-1

I got an LEFT JOIN exercise at school:
"List all category names with the number of their products."
Used were two tables from the northwind DB: products (77 rows) and categories (8 rows)

I thought the product table should come first, since the main-data (number of products) will be found there and only the 8 category names will be needed from the joined table. Our teacher argued, that the categories table needs to be the main table, but i still can't understand why.

The two queries are:

    SELECT C.CategoryID, CategoryName, COUNT(ProductID) [Count]
FROM Categories C LEFT JOIN Products P
    ON C.CategoryID = P.CategoryID
GROUP BY C.CategoryID, CategoryName

and

    SELECT P.CategoryID, CategoryName, COUNT(ProductID) [Count]
FROM Products P LEFT JOIN Categories C
    ON P.CategoryID = C.CategoryID
GROUP BY CategoryName, P.CategoryID

Can anybody explain to me why, in this case, a certain order of used tables matters in terms of theoretical performance?
And if: how so? (does size matter?;))

Zos
  • 1
  • 1
  • I think the performance is dependend on the size of the starting table. Although it could be that the database engine does optimization in the background. When you start with a small dataset and join the dataset with more rows, then it should in theory be a litte faster since the index is only called once for each category. – Noixes Jun 10 '22 at 09:30
  • Any question about performance is irrelevant because they are not comparable. Although any optimiser worth it's salt will find the optimal plan, so if your queries were comparable (e.g if both used `INNER JOIN`) then the optimiser would almost certain use the same plan for both queries. You can force the order of execution using [`STRAIGHT JOIN`](https://dev.mysql.com/doc/refman/8.0/en/join.html), but I can probably count on one hand the number of times I've ever had to force the order because I know better than the optimiser – GarethD Jun 10 '22 at 09:34
  • Duplicate of [What is the difference between "INNER JOIN" and "OUTER JOIN"?](https://stackoverflow.com/q/38549/3404097) – philipxy Jun 10 '22 at 10:16
  • Is this correct syntax?? `[Count]` – Rick James Jun 19 '22 at 18:28
  • We cannot answer the question without knowing which table `CategoryName` is in. – Rick James Jun 19 '22 at 18:29
  • @philipxy - It may be a duplicate, but there are two problems with suggesting it. (1) This Question specifies `[mysql]`; that Question is more generic. MySQL ignores "inner" and "outer". (2) "LEFT" is that this question is about. – Rick James Jun 19 '22 at 18:33
  • @RickJames Right, it's a duplicate. So what is the 'but' for? (RhetoricaL.) If they want a more specific answer they should ask a more specific question. I don't know what you are trying to say by 'ignores "inner" and "outer"'. – philipxy Jun 19 '22 at 20:10
  • What is "theoretical performance"? (The result the answer has to give? If for some model of performance, which one, and why?) What is "the main table"? What is "should"? In order for what? How is applying the definition of left join not telling you? [How much research effort is expected?](https://meta.stackoverflow.com/q/261592/3404097) [mre] PS Once you are clear, if you don't explain what you expect but also why you expect it then you are just asking us to (re)write yet another presentation with no idea what you now misunderstand or do or don't understand. [ask] [Help] – philipxy Jun 19 '22 at 20:32

2 Answers2

2

The name of the exercise tells yo what is the first table in your case. "List all category names with the number of their products." So get the all category names. Category names is what you HAVE TO SHOW - ALL OF THEM. You want to show all of them regardless of the fact is there a matching CategoryID in the Products table.

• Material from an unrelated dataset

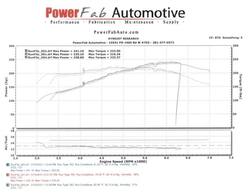 PFdyno031210.jpg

For example, if you want to show all product names with number of their categories then you want to show all product names regardless if there exists matching ProductID in Categories table.

Here is the demo

This demo shows you what the two queries will return if we have 3 categories and one product. It is not the best demo in the world but it does the trick I believe.

The tables:

create table Categories (CategoryID int, CategoryName varchar(20))

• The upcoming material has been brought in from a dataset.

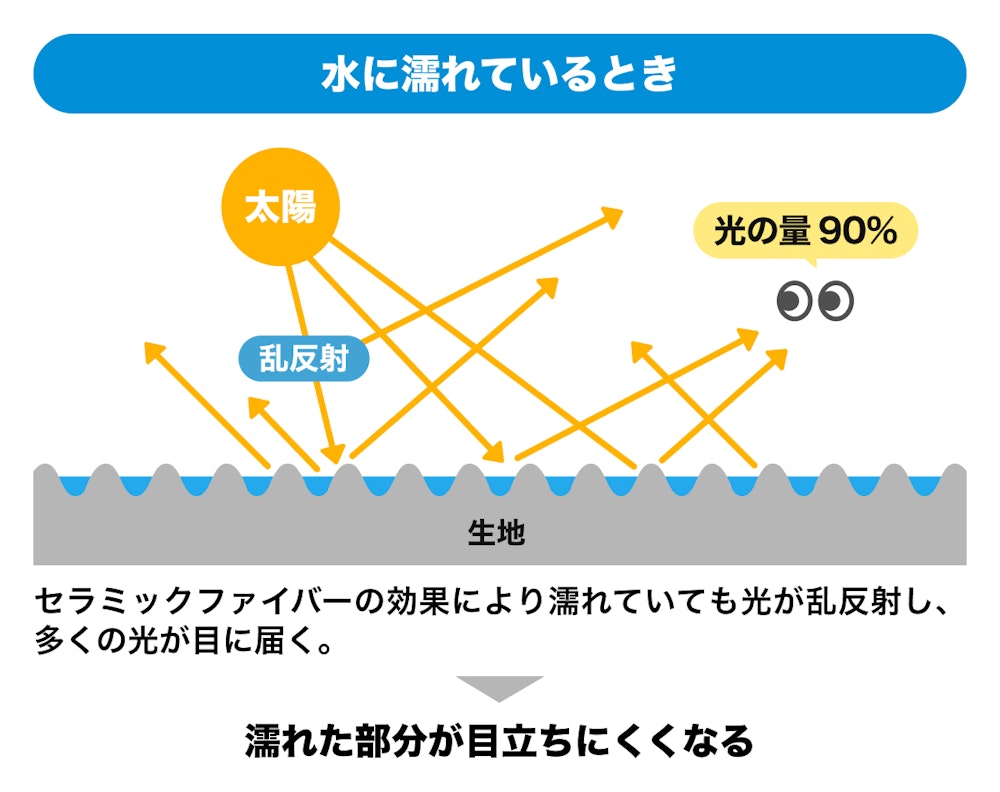 【検証】バカ尾根の頂上で、一番『涼しい顔』をしているのは誰だ?汗染み限界突破チャレンジ!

create table Products (ProductID int, CategoryID int)

The data:

insert into Categories values(1, 'Cat1');
insert into Categories values(2, 'Cat2');
insert into Categories values(3, 'Cat3');
insert into Products values(1, 1);

Query1:

SELECT C.CategoryID, CategoryName, COUNT(ProductID) as Cnt
FROM Categories C 
LEFT JOIN Products P ON C.CategoryID = P.CategoryID
GROUP BY C.CategoryID, CategoryName

Result1:

CategoryID  CategoryName    Cnt
1           Cat1            1
2           Cat2            0
3           Cat3            0

Query2:

SELECT P.CategoryID, CategoryName, COUNT(ProductID) as Cnt
FROM Products P 
LEFT JOIN Categories C ON P.CategoryID = C.CategoryID
GROUP BY CategoryName, P.CategoryID

Result2:

CategoryID  CategoryName    Cnt
1           Cat1            1

I see in your question that you say: "Used were two tables from the northwind DB: products (77 rows) and categories (8 rows)" So maybe it is strange now for you how can my example be like this and yours "since the results of both queries are obviousely the same" ?

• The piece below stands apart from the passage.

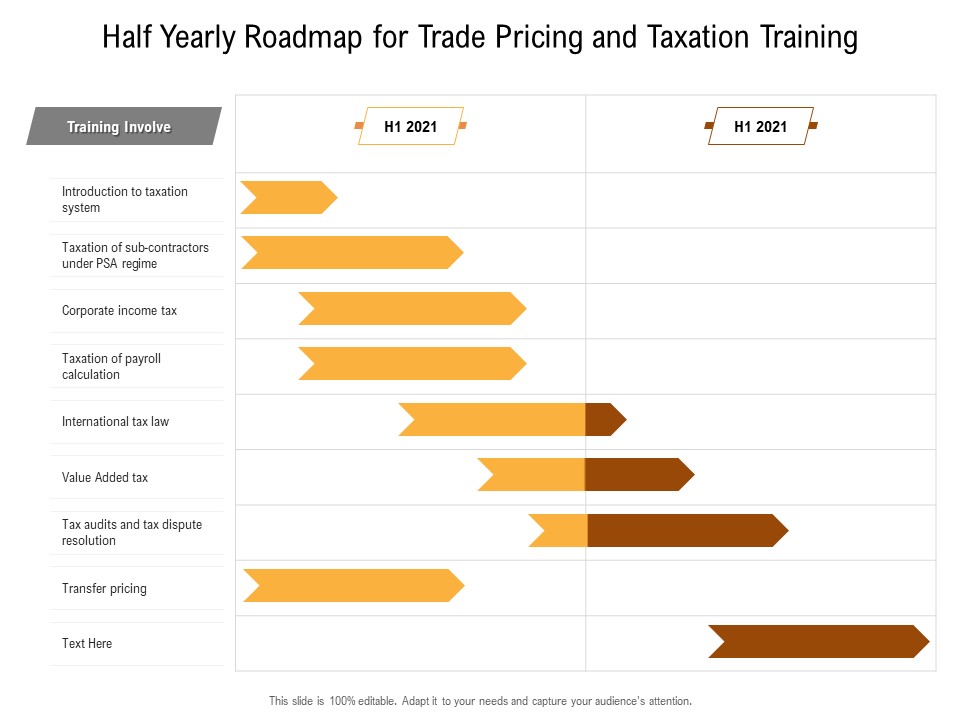 Half Yearly Roadmap For Trade Pricing And Taxation Training Clipart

Here is the demo that will show you how it can be the same with different set of data.

VBoka
  • 8,995
  • 3
  • 16
  • 24
  • the question was: is there a theoretical difference in performance? (since the results of both queries are obviousely the same) – Zos Jun 10 '22 at 09:16
  • 5
    The result is not the same , maybe it is the same for your data. – VBoka Jun 10 '22 at 09:16
  • 2
    @Zos if you have a category without product, your query will not show it has 0 product. – Blag Jun 10 '22 at 09:18
  • @VBoka the way i thought about it (i am VERY new to sql) was that i either: -get 8 category names from the category-id and then (8 times) jump to the product table to get the number products. -get the product numer of every category-id and then (8 times) jump to the categories table to get the category names – Zos Jun 10 '22 at 10:00
  • @Zos Please clarify via edits, not comments. Please delete/flag obsolete comments. PS The queries do not define the same function of inputs. – philipxy Jun 19 '22 at 20:31
0

As an aside, here is another way to get the desired results.

SELECT C.CategoryID, C.CategoryName
       ( SELECT COUNT(*) 
            FROM Products AS P
            WHERE P.CategoryID = c.CategoryID
       ) AS "Count"
   FROM Categories AS C

The performance will be about the same as the 'correct' LEFT JOIN formulation.

A further note: COUNT(x) does the extra check to see that x IS NOT NULL; COUNT(*) simply counts the number of relevant rows.

In some other situation, you may need COUNT(DISTINCT productID); I suspect you do not need it in this case.

Rick James
  • 135,179
  • 13
  • 127
  • 222